__WHAT THIS TASK INVOLVES__
Exactly retype the lines from the top of the data through the line containing "Hakkari’de feci kaza! 20 yaralı 2", leaving out every picture.

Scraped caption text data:
____________

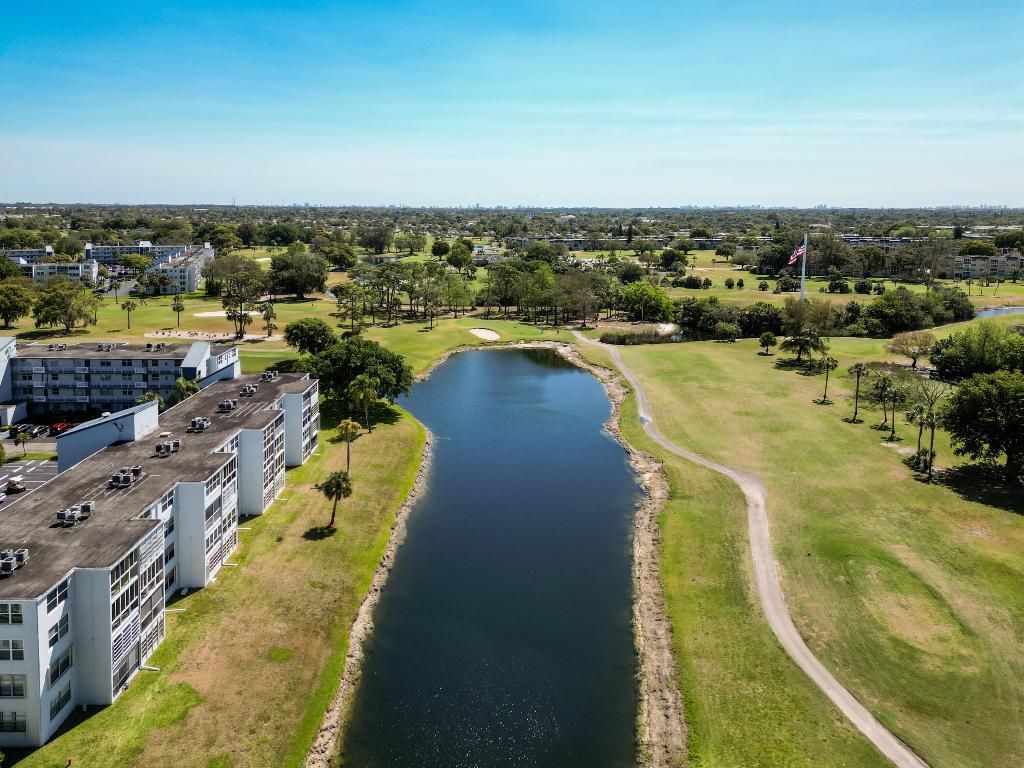 1470 NW 80th Avenue, Unit 204, Margate, FL 33063 Photo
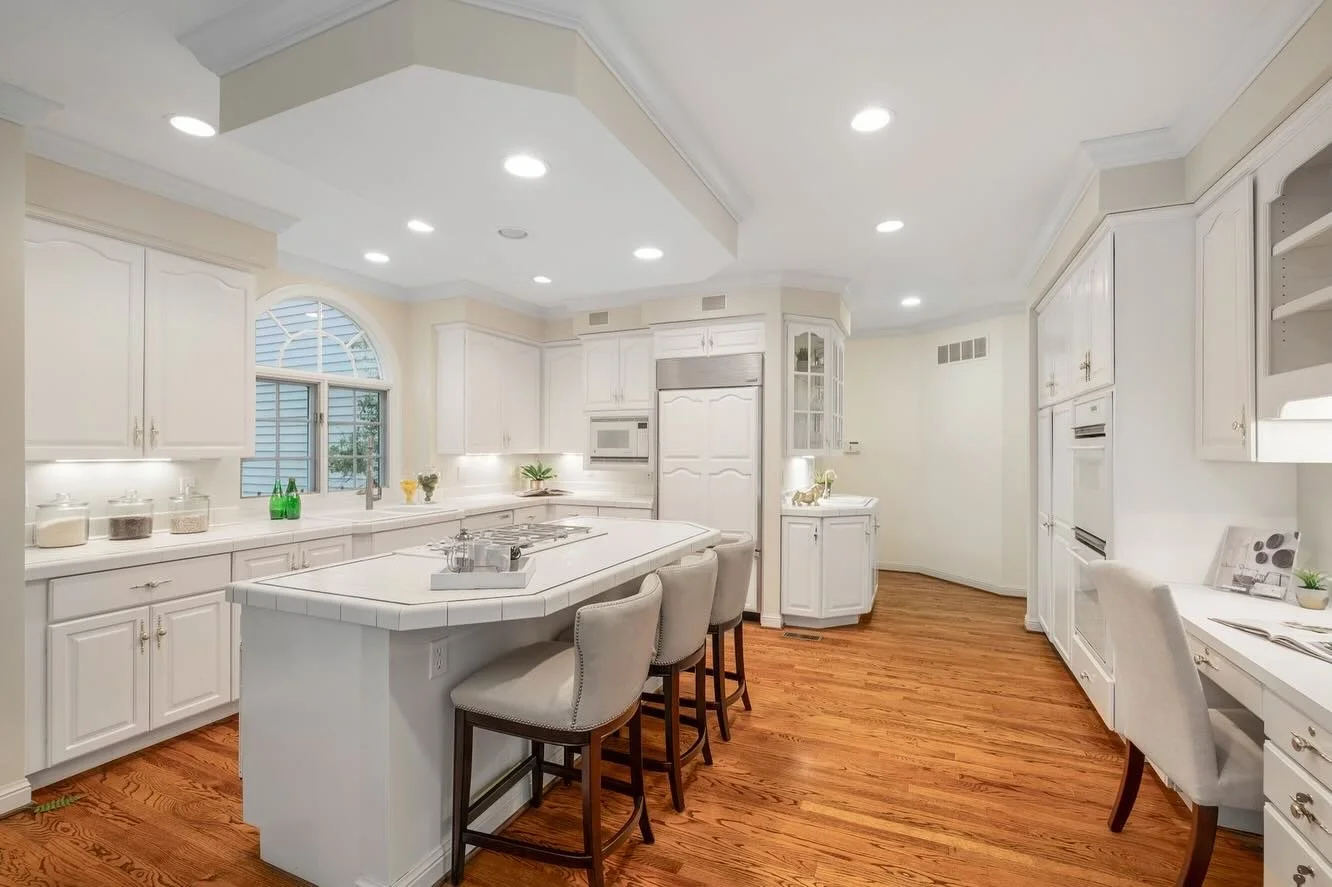 Take a look inside this beautiful home located in Creve Coeur ✨

📸 @chromaka 
🏡 @suziewellshomes 

-
-
-
#stlouisrealestate #stlrealestate #stlouisliving #stlrealestatephotographer #stlouisphotography #crevecoeur #suziewellshomes #dielmannsir #chro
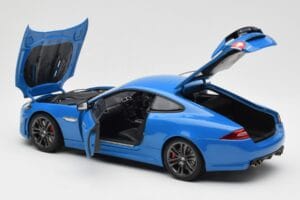 Jaguar XKR-S X150 French Racing Blau AUTOart 1:18 73641 Metall – Bild 5 von 8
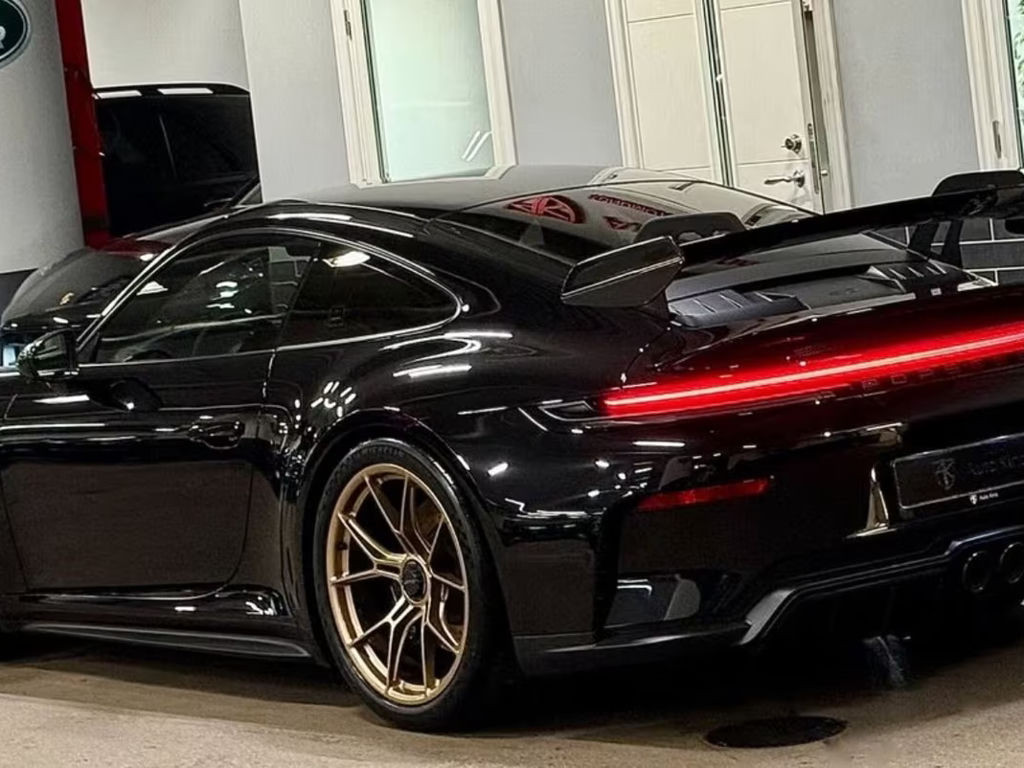 Porsche 992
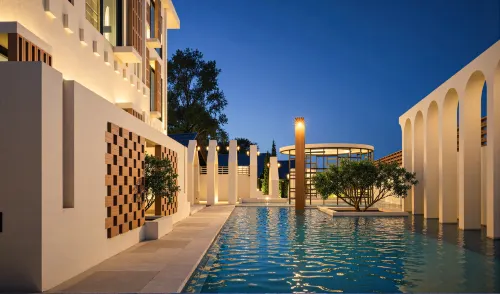 嶼兮兮‧漠野VILLA花園別院(西雙版納景洪告莊西雙景星光夜市店)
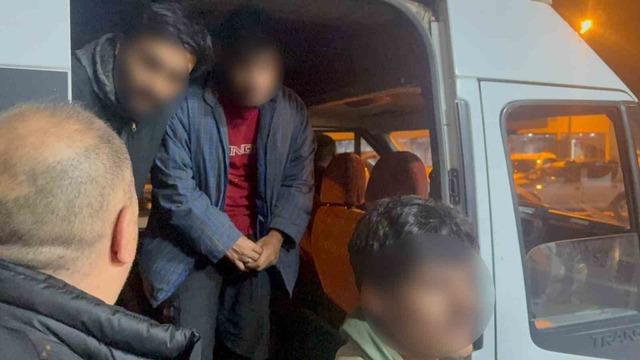 Hakkari’de feci kaza! 20 yaralı 2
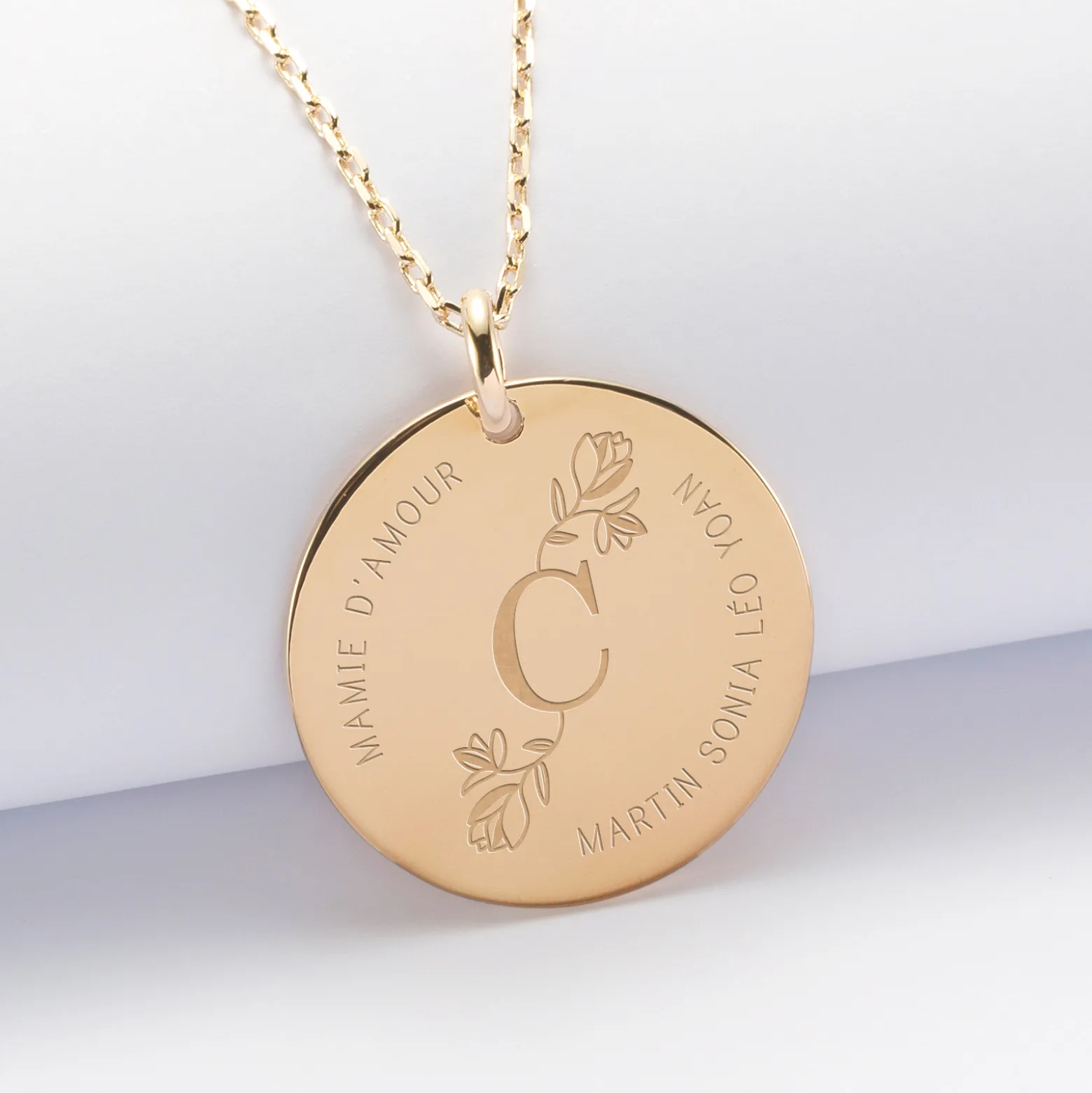 Pendentif personnalisé médaille gravée plaqué or 27 mm - édition spéciale "Initiale Florale"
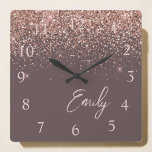 Reloj Cuadrado Monograma de Terracotta Rosa Oro Rubor Purpurina r<br><div class="desc">Terracotta y Rosa Gold - Reloj de nombres de monograma del Purpurina de chispa rosada Rubor. Esto hace que el dulce perfecto cumpleaños 16,  boda,  ducha de novia,  aniversario,  ducha de bebé o fiesta de soltera sea regalo para alguien que ama el lujo glam y los estilos de moda.</div>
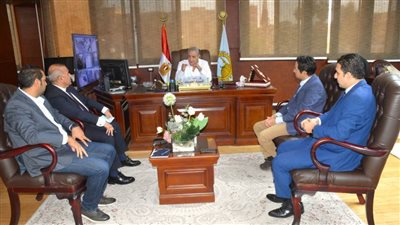  بالصور.. محافظ الغربية يناقش موقف سير العمل بمنظومة مصنع تدوير ومعالجة المخلفات الصلبة بدفرة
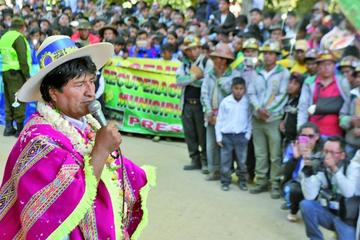 El presidente Evo Morales entregó ayer un nuevo edificio municipal en la localidad de Arque de Cochabamba.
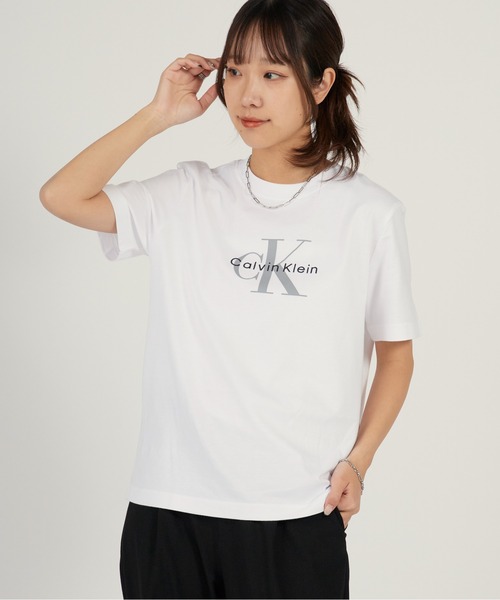 Calvin Klein（カルバン・クライン）の「Calvin Klein/カルバンクライン Tシャツ - モノグラムクルーネックショートスリーブTシャツ 半袖Tシャツ  2026年春夏（Tシャツ/カットソー・レディース・ホワイト/ブラック・S/M）」の11枚目の写真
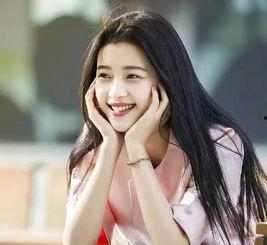 华梦娜个人资料,才华横溢的年轻艺术家，跨界融合的创意先锋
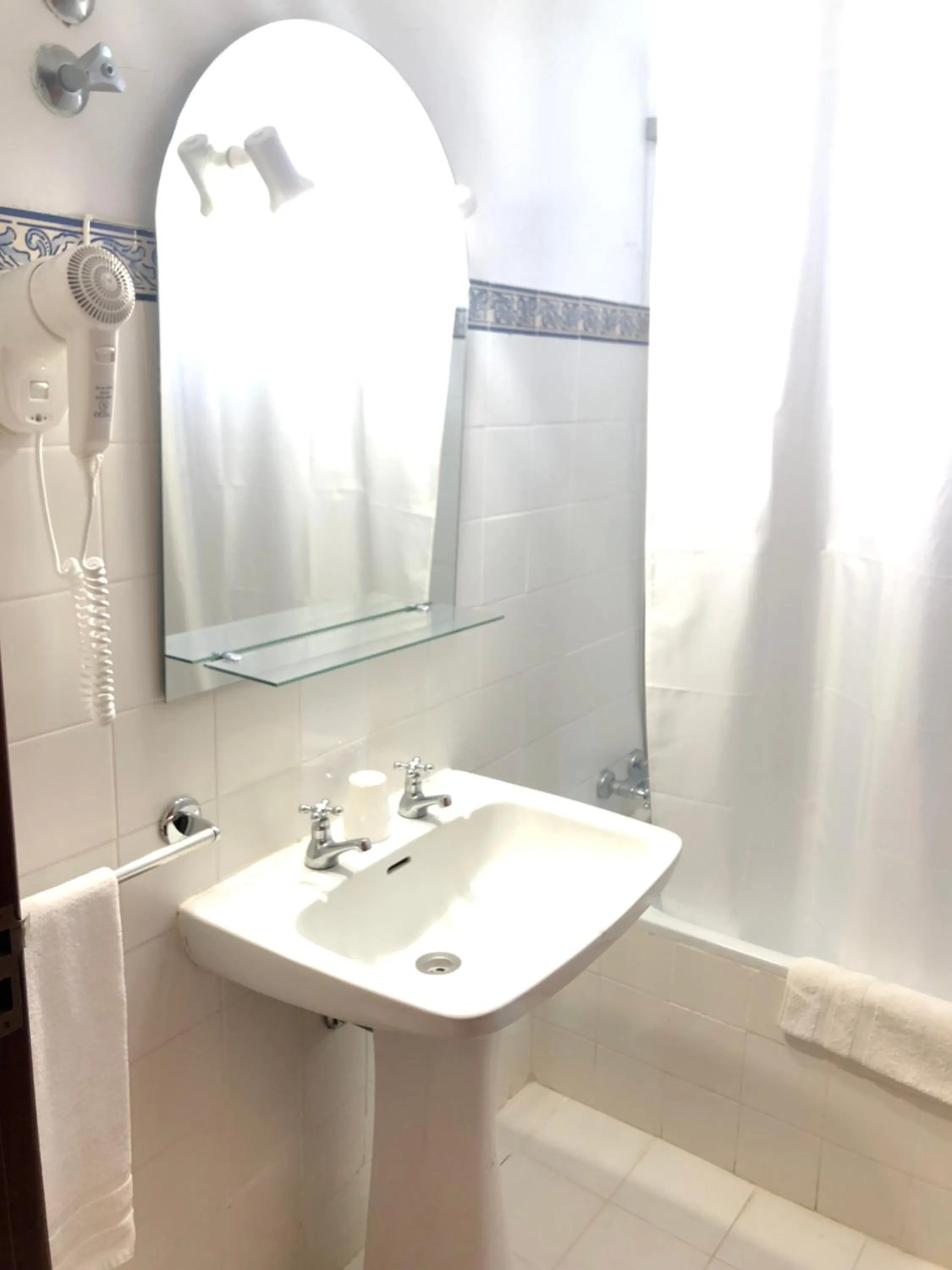 Bathroom in Apartamentos Quinta Mae dos Homens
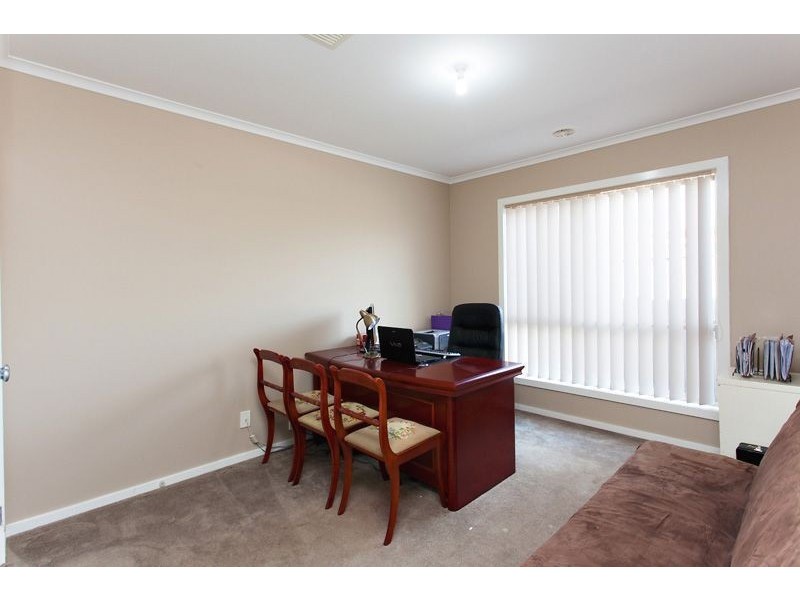 13 King George Way, Mitchell Park VIC 3355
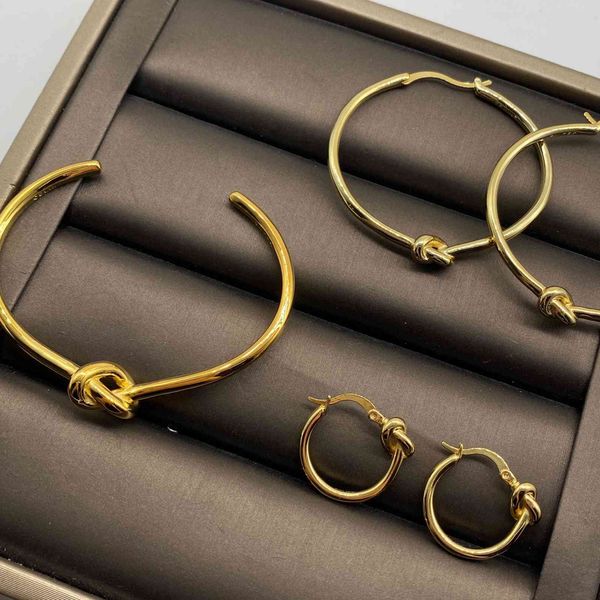 

new knotted french ins cool wind bracelet big earrings circle earrings, Black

____________

__YOUR RESPONSE__
 1470 NW 80th Avenue, Unit 204, Margate, FL 33063 Photo
 Take a look inside this beautiful home located in Creve Coeur ✨

📸 @chromaka 
🏡 @suziewellshomes 

-
-
-
#stlouisrealestate #stlrealestate #stlouisliving #stlrealestatephotographer #stlouisphotography #crevecoeur #suziewellshomes #dielmannsir #chro
 Jaguar XKR-S X150 French Racing Blau AUTOart 1:18 73641 Metall – Bild 5 von 8
 Porsche 992
 嶼兮兮‧漠野VILLA花園別院(西雙版納景洪告莊西雙景星光夜市店)
 Hakkari’de feci kaza! 20 yaralı 2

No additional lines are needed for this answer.